In zwei Jahren 15 verschiedene Heime – klingt unglaublich, aber Dr. Matthias Luther kennt eine junge Frau, die in so kurzer Zeit so viele Einrichtungen von innen kennenlernen musste. Luther ist ärztlicher Leiter des Zentrums für Liaison und aufsuchende Hilfen der UPK Klinik für Kinder und Jugendliche. Eine solche Odyssee und insbesondere die vielen Beziehungsabbrüche wirken sich negativ auf das Leben aus. «Aus Studien wissen wir, je mehr Beziehungsabbrüche, desto schlechter die Prognose», sagt Luther. «Die Kinder verlieren das Vertrauen, dass eine Beziehung Bestand haben kann. Es steigen die Wahrscheinlichkeiten für somatische und psychiatrische Diagnosen sowie für delinquentes Verhalten. Gleichzeitig wird die soziale Integration immer schwieriger.»

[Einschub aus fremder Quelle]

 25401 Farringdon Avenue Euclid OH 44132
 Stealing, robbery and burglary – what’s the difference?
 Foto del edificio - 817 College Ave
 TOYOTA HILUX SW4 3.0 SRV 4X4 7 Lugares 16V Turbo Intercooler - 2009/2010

Interdisziplinäre Übersetzungsarbeit
Damit den Kindern und Jugendlichen unnötige Heimwechsel möglichst erspart bleiben, gibt es im Kanton Basel-Stadt seit 2011 eine institutionalisierte Zusammenarbeit zwischen Heimen und den UPK. Unter der Bezeichnung «Liaison» arbeiten sozialpädagogische Fachpersonen in den Heimen mit den psychiatrischen und psychologischen Fachpersonen der UPK zusammen. Das Wort «Liaison» bringt zum Ausdruck, dass es um einen Austausch auf Augenhöhe geht. An regelmässigen Sitzungen in den Heimen wird interdisziplinär ein gemeinsames Fallverständnis erarbeitet: Was muss ein Kind lernen, um symptomfrei zu werden? Welche alternativen Beziehungserfahrungen sollte es machen? Es ist eine gegenseitige Übersetzungsarbeit von Pädagogik, Psychologie und Psychiatrie, damit die Kinder eine passgenaue Unterstützung erhalten. Das stabilisiert die Heimplatzierungen und reduziert Notfälle und psychiatrische Erkrankungen.

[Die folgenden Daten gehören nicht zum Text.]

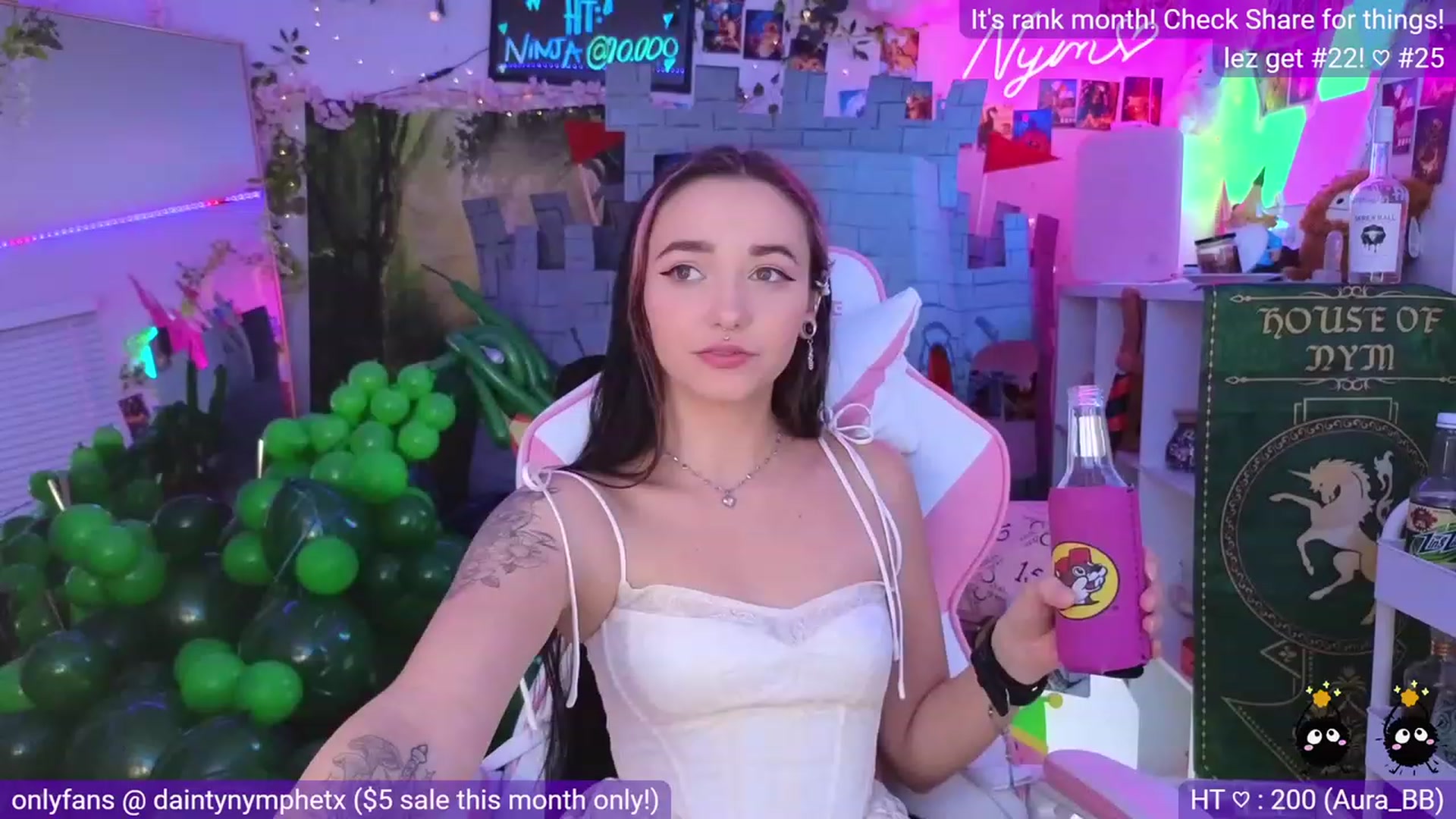 Gallery image thumbnail from Nym_x's myfreecams stream on, 08/01/2023, 03:06 image 1 of 20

Tritt ein Notfall ein, kommt die aufsuchende Hilfe durch die Fachpersonen der UPK zum Zug, ein wichtiges Element des Liaison-Projekts. «Bei Notfalleinsätzen gehen wir in die Heime. Wenn sich in einer akuten Situation ein Klinik- oder Spitaleintritt verhindern lässt, haben wir etwas gewonnen, denn auch ein vorübergehender Spitalaufenthalt ist ein Beziehungsabbruch», sagt Luther.
Duale Finanzierung
Das Zentrum für Liaison und aufsuchende Hilfen kooperiert gegenwärtig mit 15 sozialpädagogischen Institutionen. Die Finanzierung steht auf zwei Beinen. Leistungen der kinder- und jugendpsychiatrischen Fachkräfte für die sozialpädagogischen Teams werden durch die Institution abgegolten, vertraglich geregelt durch einen Rahmenvertrag mit dem Erziehungsdepartement Basel-Stadt. Direkte Leistungen an den Kindern und Jugendlichen werden von den Krankenkassen getragen.
Etwa 200 Personen, die vor rund zehn Jahren als Jugendliche in Heimen schon einmal Auskunft gaben, konnten im Modellversuch JAEL (Jugendhilfeverläufe: Aus Erfahrung lernen) erneut befragt werden (Näheres unter www.jael-portal.ch). Die detaillierten Auswertungen werden am 8. Februar 2021 präsentiert. Matthias Luther kann bereits verraten, dass JAEL den eingangs beschriebenen Zusammenhang bekräftigt: Je weniger Heimwechsel, desto besser die Prognose.